# Medians and Altitudes of a Triangle

Here we will discuss about Medians and Altitudes of a Triangle

Median:

The straight line joining a vertex of a triangle to the midpoint of the opposite side is called a median. A triangle has three medians. Here XL, YM and ZN are medians.

A geometrical property of medians:

The three medians of a triangle are concurrent, i.e., they have a common point of intersection. This point is known as the centroid of the triangle. It divides each median into the ratio 2 : 1. Here, the three medians intersect at G.

Thus, G is the centroid of the triangle.

Also, XG : GL = 2 : 1

YG : GM= 2 : 1

and    ZG : GN = 2 : 1

Altitude:

An altitude of a triangle, with respect to (or corresponding to) a side, is the perpendicular line segment drawn to the side from the opposite vertex.
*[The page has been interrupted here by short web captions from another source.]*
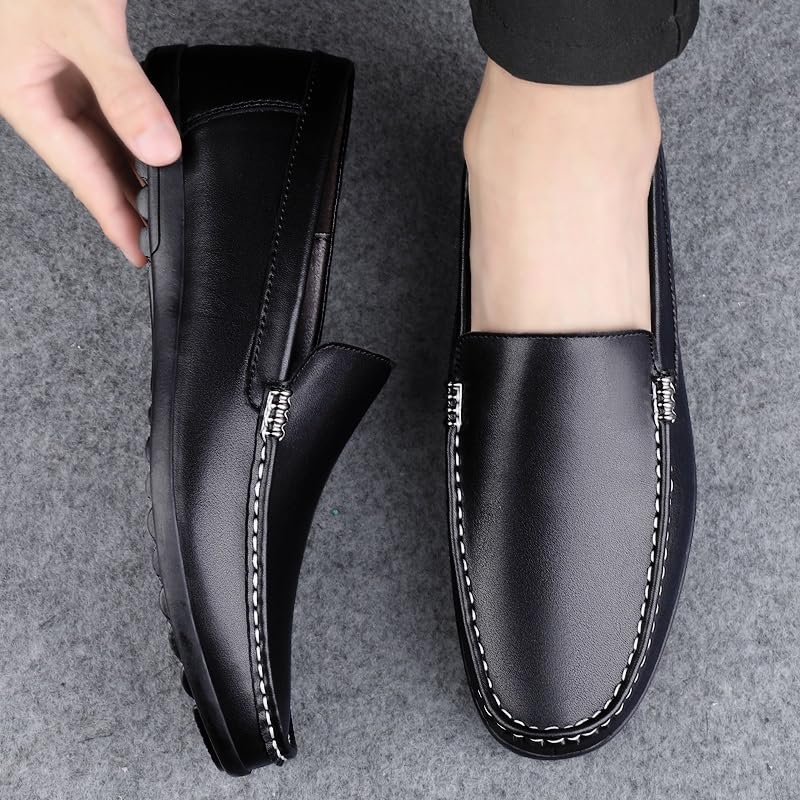 Mens Loafers Shoe Round Toe Faux Leather Penny Loafers Lightweight Flat Heel Flexible Classic Casual Slip-ons3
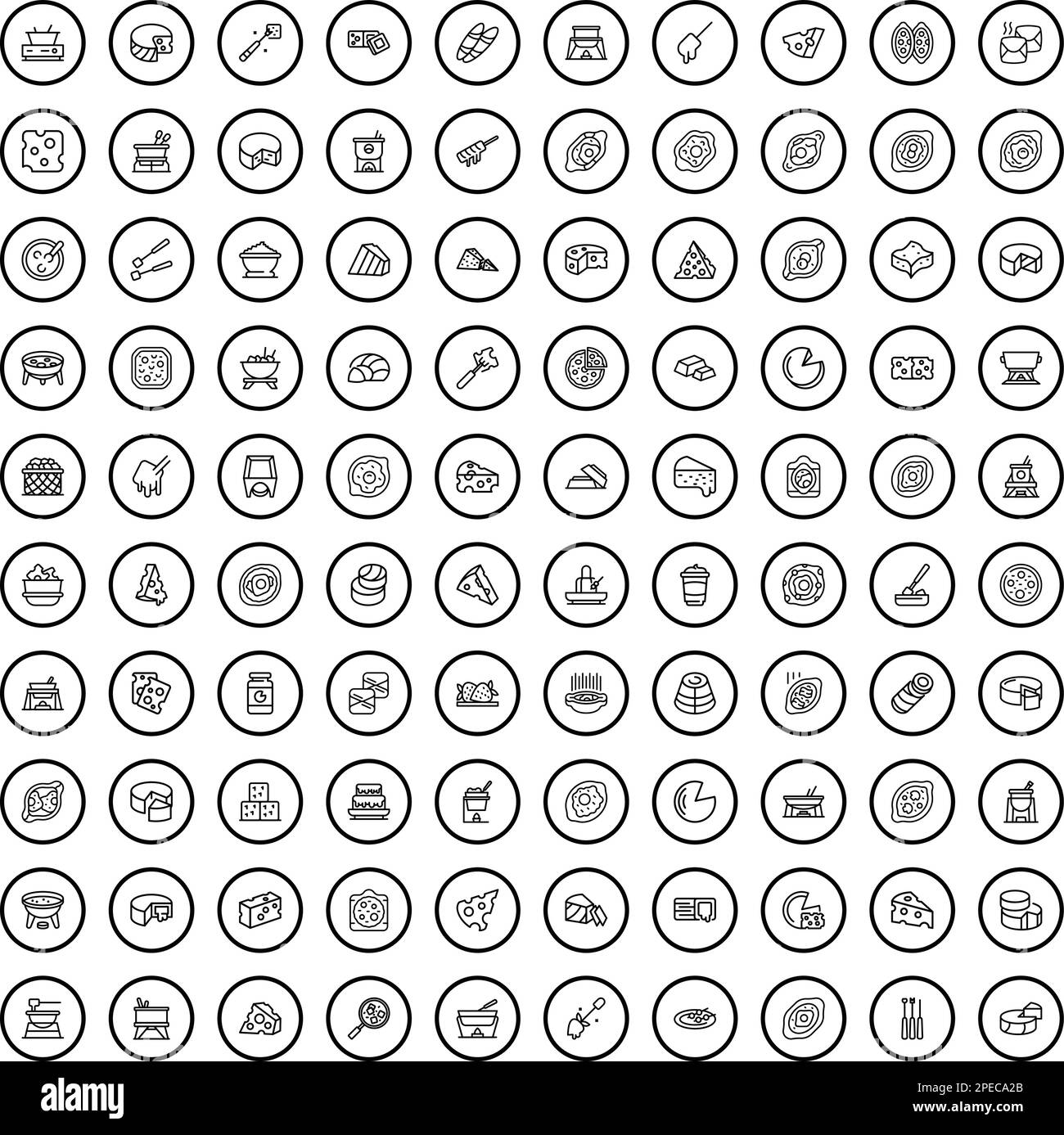 100 Käsesymbole. Umrissdarstellung von 100 Käsesymbolen, Vektorsatz isoliert auf weißem Hintergrund Stock Vektor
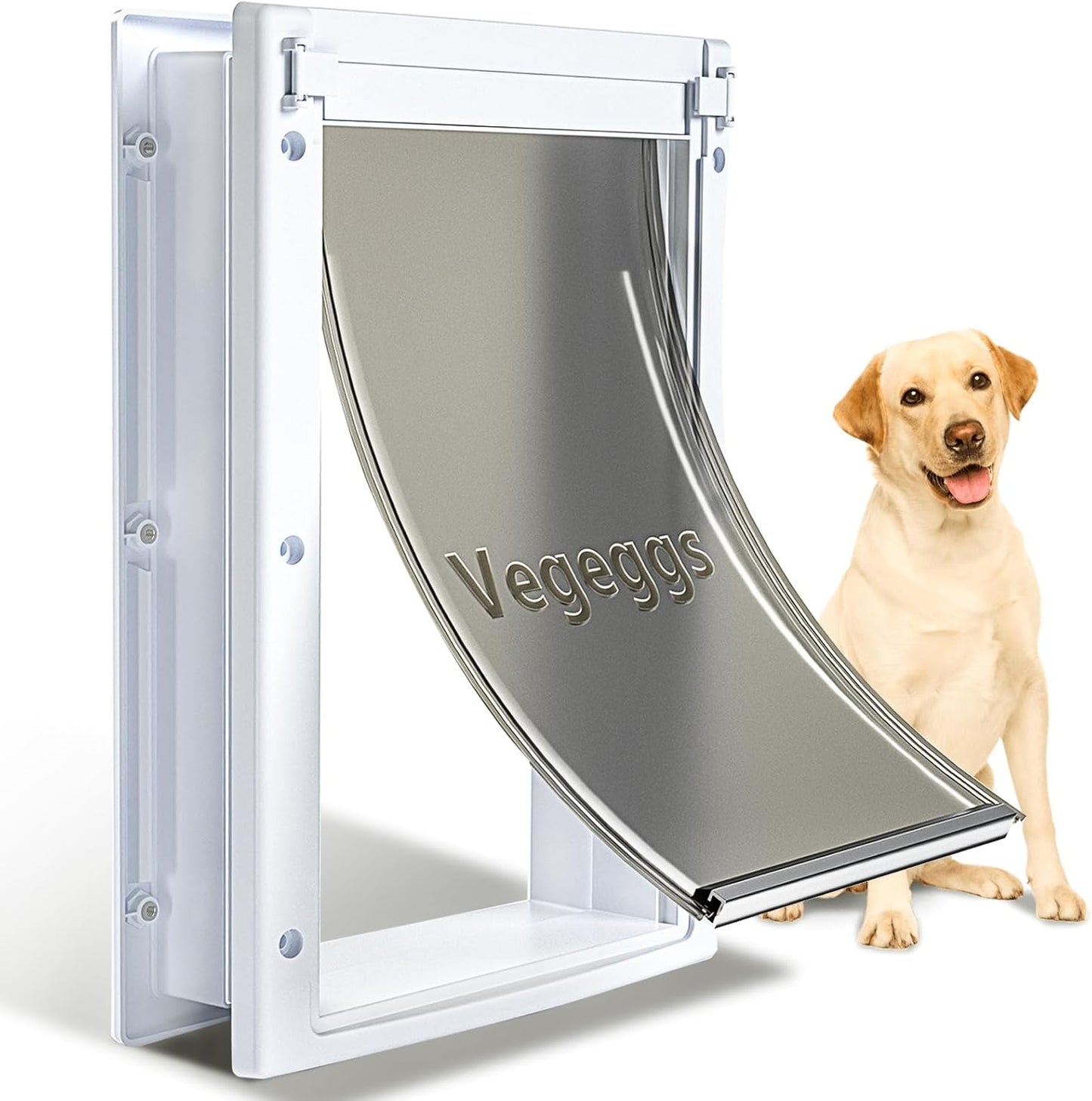 Pet Door, Interior and Exterior Large Dog Doors, PC Frame and Telescoping Tunnel Doggy and Cat Doors, Doggie Door with Double Magnetic Flaps and Sliding Lock Panels (Pets Up to 40 Lb) M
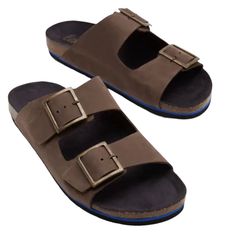 Complete Your Favorite Casual Outfits With These Distinctive Double-Strap Sandals. They're Crafted From Leather And And Feature A Flash Of Blue On The Sole. That Means They're Vibrant As Well As Durable (Double Tick). Thanks To A Cork Footbed That Offers Support And Absorbs Impact, These Are A Comfortable Choice. Now Just Slip Them On And Adjust The Brass Buckles To Find Your Perfect Fit. Upper 100% Nubuck Leather Insock Polyester Sole Man-Made Brand New. Never Worn. Minor Wear From Storage Men Brown Double Strap Footbed Sandals For Summer, Brown Double Strap Sandals For Vacation, Casual Brown Sandals With Adjustable Strap, Casual Brown Footbed Sandals With Adjustable Strap, Brown Double Strap Footbed Sandals With Adjustable Strap, Brown Double Strap Sandals With Leather Footbed, Brown Synthetic Double Strap Footbed Sandals, Adjustable Brown Slip-on Footbed Sandals, Canvas Boat Shoes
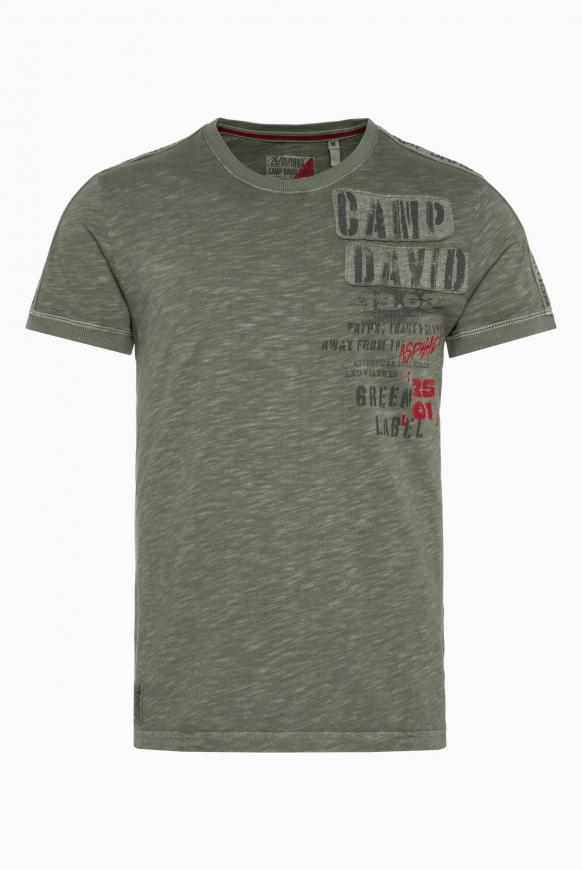 T-Shirt mit Tapes und Rücken-Artwork khaki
XL is the altitude with respect to the side YZ.

If ∆XYZ is a right-angled triangle, right angled at Y, XY is the altitude with respect to YZand YZ is the altitude with respect to XY.

If ∆XYZ is an obtuse-angled triangle in which ∠XYZ is the obtuse angle, the altitude with respect to YZ is the line segment XM drawn perpendicular to ZY produced.